Empiezo esta columna reconociendo y compartiendo los fundados temores que muchos sienten por los resultados de estas elecciones. Este texto tiene por objetivo invitarnos a pensar: ¿qué estamos dispuestos a hacer frente a ese miedo?
Y extiendo esa invitación, en especial, a mis colegas abogados y, sobre todo, a los jóvenes interesados en estudiar Derecho. La vorágine de la profesión no suele ofrecer espacios para la pausa, menos aún en épocas de gran tensión electoral. Pero valga la pena el esfuerzo, y tratemos de reflexionar, sin apasionamientos, sobre la maniobra legal, sin precedentes, de emprender cientos pedidos de nulidad de actas electorales.
Decenas de abogados de los estudios más grandes de Lima participaron en esta operación. Omitiré referirme a la legítima controversia sobre la adecuación de este trabajo a las normas sobre financiamiento electoral, para enfocarme en otro aspecto. Partiendo de la premisa de que fueron esfuerzos a título personal, subsisten aún hay varias interrogantes que la ética profesional debería llevarnos a formular.
Vayamos en orden. Al momento de embarcarme en la revisión de actas de votación, ¿me cuestioné con qué fin lo hacía? ¿Es realmente un fraude lo que estamos investigando? ¿Alguien nos ha mostrado indicios certeros para presumirlo? ¿O, en verdad, el propósito de esta tarea es lograr que mi candidata gane?
Si fuera esto último, tengamos claro que ya no estoy “salvando la democracia”, sino cuidando “mi interés”, que gane “mi candidata”. Para corroborar esto último, el abogado convocado al escrutinio podría preguntarse: ¿estamos revisando todas las actas por igual o solo aquellas en las que perdió mi candidata?
Ahora bien, si el letrado ha decidido emprender únicamente la defensa de su candidata –algo que también es válido–, no debería soslayar los métodos utilizados para ello. Porque es muy distinto preservar los votos afines que anular los votos disidentes. ¿Acaso mis votos deberían valer más que los ajenos, solo porque yo voté por Keiko y ellos por Castillo (o viceversa)? ¿Tengo certeza de que esos sufragios que estoy ahora cuestionando fueron inventados? ¿Hay razones confiables para quitarle el voto a 200 personas porque detecté un error formal en esta acta (diferencia en las firmas, por ejemplo)? ¿Es un resultado justo y proporcional suprimir el sentir de 200.000 compatriotas en las urnas?
Un especialista en Derecho Electoral respondería, con facilidad, que no. Que el principio de conservación del voto es uno de los más sagrados de este ordenamiento. Todo lo cual nos lleva al siguiente cuestionamiento: ¿Soy experto en la materia que estoy revisando? ¿Está bien que investigue y elabore recursos de nulidad en un área en la que soy neófito?
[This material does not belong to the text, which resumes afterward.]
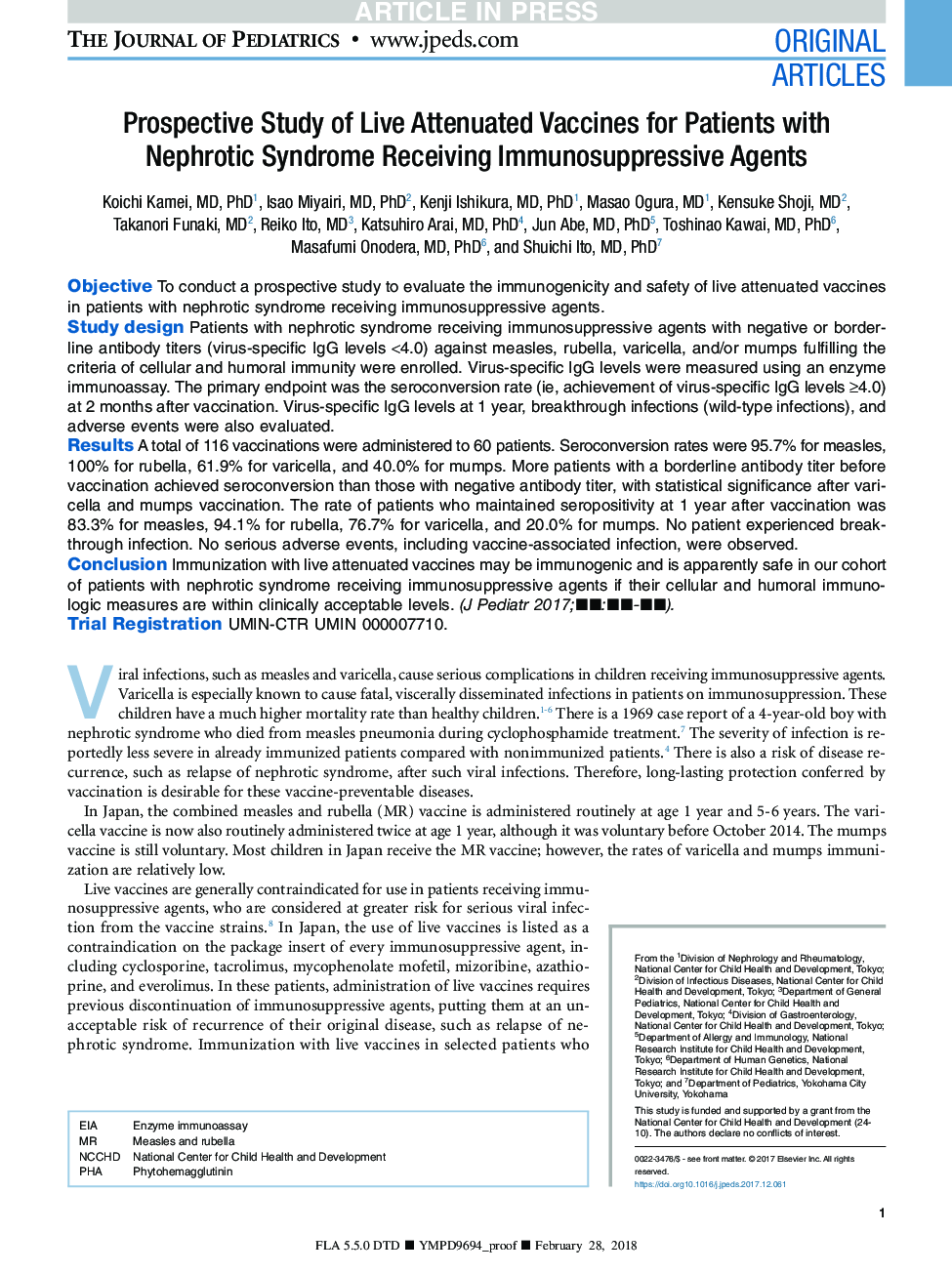 Prospective Study of Live Attenuated Vaccines for Patients with Nephrotic Syndrome Receiving Immunosuppressive Agents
Y ya que me estoy preguntando por qué estoy aquí, en una sala llena con otros colegas en medio de una pandemia, podría aprovechar en interpelarme: ¿hice bien en convocar a mi practicante o subordinado? ¿No se sentirá coaccionado? ¿Y si votó en sentido opuesto al mío? ¿No lo estoy forzando a trabajar para invalidar su propia voz o la de quienes piensan como él?
Hay muchas interrogantes más que deberíamos hacernos los abogados, pero, por razones de espacio, culmino solo con dos más: ¿el fin justifica los medios? ¿Mis miedos?
P.D.: Expreso mi solidaridad con los periodistas renunciantes de Cuarto Poder y con varios otros periodistas que –me consta– buscan seguir haciendo un trabajo objetivo y transparente, pese a la oposición de muchos directivos de medios de comunicación. Agradezco la libertad que he tenido en esta columna durante más de cinco años para expresar mis ideas, incluso las más críticas. Aquí me mantendré mientras siga teniendo la oportunidad de opinar sin tapujos… y las fuerzas alcancen.